CFP: Hipster Culture

Publication
Anthology on Hipster Culture
Editors: Heike Steinhoff, Eric C. Erbacher
Stichtag: 2017 06 30

Hipster Culture: A Reader

Twenty-first century popular culture has given birth to a peculiar cultural figure: the hipster. Stereotypically associated with nerd glasses, beards and buns, boho clothing, and ironic t-shirts, hipsters represent a (post-)postmodern subculture whose style, aesthet­ics and activities have increasingly become mainstream. While the hipster’s roots are frequently traced to the mid-twentieth century, when the term first emerged in the con­text of African-American jazz culture (Anatole Broyard) and the white counterculture associ­ated with the Beat Generation (Norman Mailer), the contemporary hipster, emerg­ing at the beginning of the new millennium, owes many of its characteristics also to 1990s indie culture.
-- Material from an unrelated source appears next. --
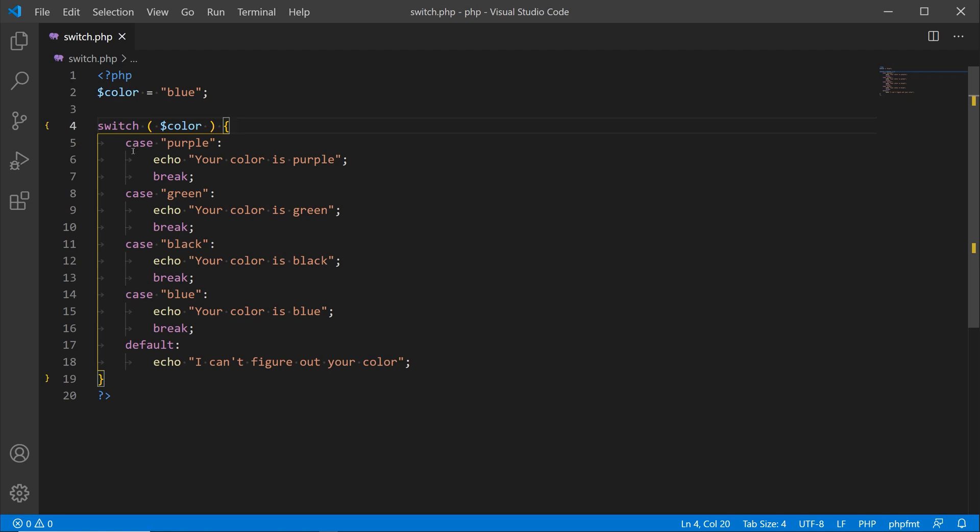Inside the parentheses, what we're testing against is the variable color. Then outside of our parentheses we open up our curly braces. With a switch statement you have what's called a case. We have our first case over here, and this is what it's testing against. If the color variable, if the value assigned to that is purple, then we're going to echo out your color is purple.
In What Was the Hipster? A Sociological Investigation (2010), Mark Greif defines the hipster as young, white, urban, college-educated, and middle-class. According to Greif, hip­sters are ‘rebel consumers’ who define, acquire and possess ever new insider knowledge of goods and styles to continually distinguish themselves from the main­stream. While hipsters are often regarded as largely apolitical, their conventionally privi­leged background provides their lifestyle, their consumption preferences and their crea­tive expressions with a specific social, ethnic and cultural perspective. Greif claims that the hipster “aligns himself both with rebel subculture and with the dominant class, and opens up a poisonous conduit between the two” (9). This is evinced, for example, in their eclectic cul­tural appropriations and their frequent association with gentrification processes that impli­cate the hipster in some of the most contentious contempo­rary phenomena. As vintage cafés, vegan restaurants, DIY culture, urban gardening, a nostal­gic industrial style, etc. have become key components of a dominant popular cul­ture of hip, the hipster has also been increasingly charged with both selling out as well as being responsible for the commodification of past and marginalized cultures. Furthermore, the seem­ingly constant search for ‘authenticity’ and difference from the mainstream has fre­quently turned the hipster into a figure of public ridicule. Yet, whereas some have declared the death of the hipster, hipster culture seems to be very much alive in global urban centers and in the popular cultural imagination.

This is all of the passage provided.